「僧侶・信徒の大行列」について中井久夫は三六三年、ユリアノスが戦死し、キリスト教徒ヨノヴィアノスが跡を継いだと背景を説明している。ユリアノスの死後における十字架の凱旋を記述したテオドレオスの『教会史』に触発されて書いた詩か、とも。そういう「史実」よりも、この詩が「現在ギリシャの学校で教えられる「肯定的な詩」であると聞く」と書いているのがおもしろい。「ある」と言い切らずに、わざわざ「と聞く」と中井が書いたのはどうしてだろう。「肯定的な詩」という評価に疑問をもったからではないのか。--もっとまわった言い方になってしまったが、私も、「肯定的な詩」という評価(感じ)には疑問をもっている。
「肯定的」という感じとは違うものが、この詩にはある。私は中井の訳しか読んでいないので、断言はできないが、中井はこの詩を「肯定的」とは違うことばの調子で訳している。
十字架の行列を見たときの、異教徒の反応。
異教徒め、さきほどまで胸をはっていばりくさって、
どこへ行きおった? あ、うろたえて
こそこそ行列を避ける。逃げ去る。
この描写の「声」は、すこし自惚れている。ほんとうの勝者なら、こういう威張り方(視点の動き)はしないだろう。あるいはほんとうの戦士もこういう言い方はしないだろう。もっと「冷静」だ。「逃げ去る」は単純に「逃げる」だけではないかもしれない。反撃をするために「逃げる」という作戦もある。そういう配慮を欠いた「あからさまな声」を「肯定的」ととらえるのは、どうも腑に落ちない。
行かせよう。去るに任せよう。
(あやまちを捨てないうちはな)
これは「あやまち」を捨てて異教徒がキリスト教徒に帰依するまで待とうという自信たっぷりな「声」である。こういう「声」だけで詩が構成されているのなら、たしかに「肯定的な詩」と言われてもいいだろうが、「威張りくさって」という「口語の批判」、「うろたえて」という蔑視を「こそこそ」という「口語」で追い打ちをかけるような響きのなかには、何か「肯定的」と呼ぶのをためらわせるものがある。

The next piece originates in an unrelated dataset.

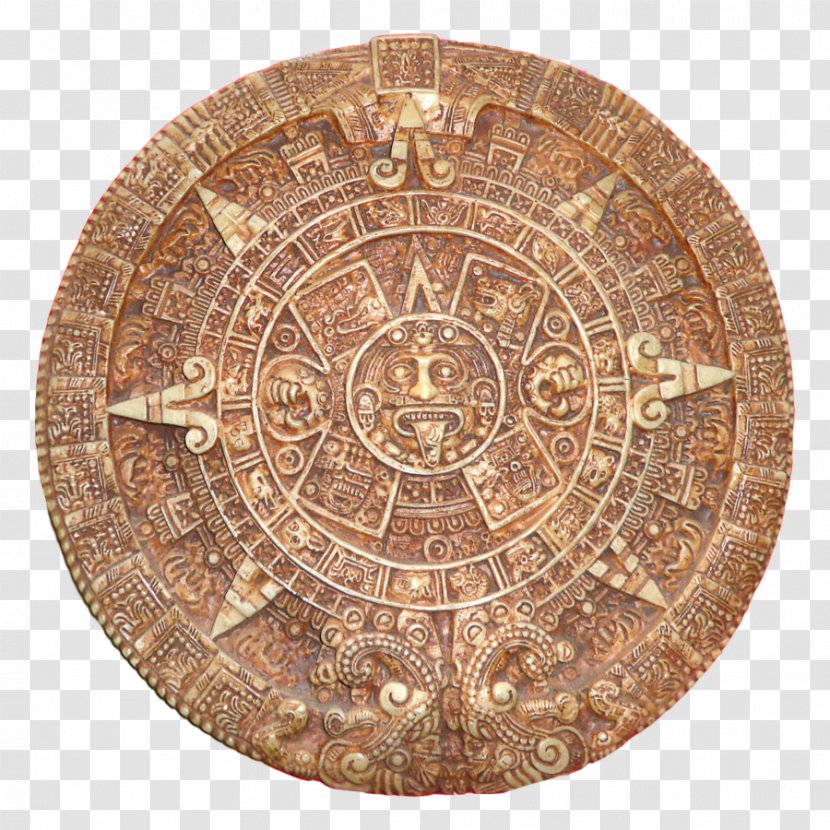 Maya Civilization Mayan Calendar Aztec Transparent PNG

あの聖ならざるユリアノスのアホウの支配がついに終わった。
この「アホウ」のつかい方も、街なかで、「口語」でしゅべっている分にはいいだろうが、「学校」で引き継ぐようなことばではないだろう。異教徒ユリアノスを批判するにしても、もっとほかのことばがありそうだ。ユリアノス批判は市民の間では常識だった(口語で語られていた)としても。